En Haïti, cette annonce majeure n’a suscité aucune réponse officielle, aucun communiqué de la chancellerie, ni aucun geste consulaire ou mobilisation diplomatique. Ce silence interroge, d’autant plus qu’Haïti est le seul pays de l’hémisphère occidental touché par cette interdiction. Moins de vingt-quatre heures après la proclamation américaine, le Premier ministre de facto, Alix Didier Fils-Aimé, s’illustrait dans une cérémonie pompeuse de signature avec Sunrise Airways pour la reprise des vols domestiques — une annonce répétitive qui ne constitue en rien une avancée stratégique. Les dessertes annoncées, vers Jacmel, Jérémie et Cap-Haïtien, sont connues de longue date, sans réduction de prix, sans élargissement de l’offre, et sans inclusion de l’aéroport international Antoine Simon des Cayes. Ce spectacle technocratique ne peut masquer le désengagement diplomatique flagrant du gouvernement face à une crise majeure de mobilité internationale.
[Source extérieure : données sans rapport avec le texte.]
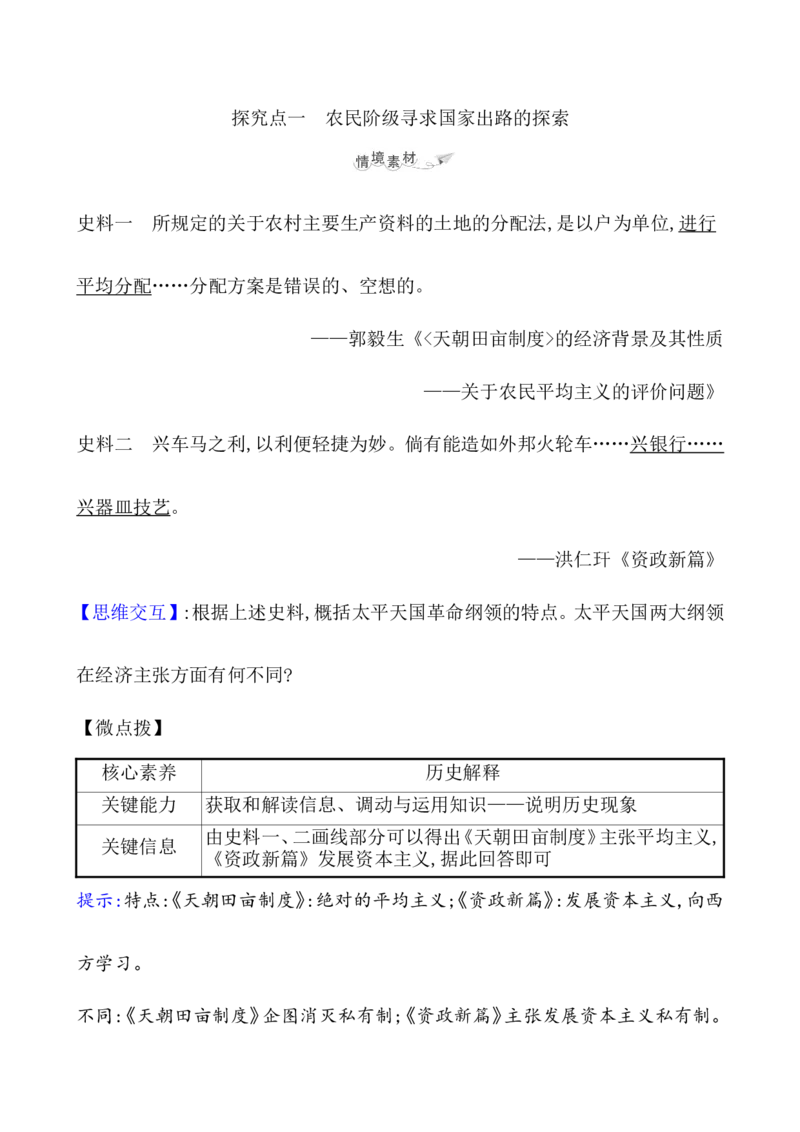 课题17国家出路的探索与列强侵略的加剧教案_07高考历史_新高考复习资料_2022年新高考复习资料_2022届一轮复习讲练结合7.11更新_系列1_第五单元晚清时期的内忧外患与救亡图存
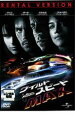 【バーゲンセール】【中古】DVD▼ワイルド・スピード MAX レンタル落ち ケース無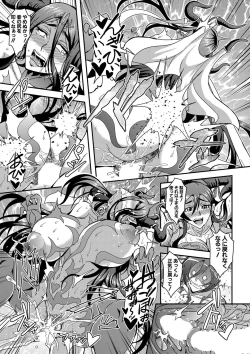 Page 94 of COMIC MILF 2021-06 Vol. 60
Dans son discours, le Premier ministre s’est félicité de cette « relance économique » sans même mentionner l’interdiction américaine qui, dans le même temps, condamne des milliers d’Haïtiens à renoncer à des voyages, des études, des soins ou des retrouvailles familiales aux États-Unis. En choisissant de se réfugier dans une mise en scène pseudo-développementaliste, l’exécutif haïtien confirme son incapacité à articuler une diplomatie de défense des intérêts nationaux. À l’heure où d’autres capitales africaines interpellent Washington ou mobilisent leurs ambassades, Port-au-Prince se mure dans un mutisme irresponsable, révélant l’impuissance structurelle de son appareil étatique.
Cette inaction devient d’autant plus préoccupante lorsqu’on la met en regard des ambitions affichées par le chef du gouvernement concernant l’organisation d’un référendum constitutionnel-bidon. Comment un pouvoir exécutif, frappé d’illégitimité, incapable de protéger la libre circulation de ses citoyens, pourrait-il prétendre à refonder le contrat social de la nation ? Ce paradoxe met à nu le vide stratégique d’un gouvernement plus prompt à orchestrer des opérations de communication qu’à affronter les urgences diplomatiques. Il en résulte une déconnexion dramatique entre les priorités réelles du pays et les gesticulations d’un exécutif enfermé dans une logique d’apparence.
Pays concernés par l’interdiction totale
Les ressortissants des pays suivants sont entièrement interdits d’entrée aux États-Unis, que ce soit pour des visas d’immigration ou de non-immigration :
- Afghanistan
- Myanmar
- Tchad
- République du Congo
- Guinée équatoriale
- Érythrée
- Haïti
- Iran
- Libye
- Somalie
- Soudan
- Yémen
Pays soumis à des restrictions partielles
Les ressortissants des pays suivants font face à des restrictions partielles, limitant l’accès à certains types de visas :
- Burundi
- Cuba
- Laos
- Sierra Leone
- Togo
- Turkménistan
- Venezuela
Le gouvernement américain justifie cette décision par des préoccupations liées à la sécurité nationale, notamment des systèmes de vérification des antécédents jugés insuffisants et des taux élevés de dépassement de visa dans ces pays. Cependant, des critiques soulignent que certaines nations, comme l’Égypte, ne figurent pas sur la liste malgré des incidents récents impliquant leurs ressortissants.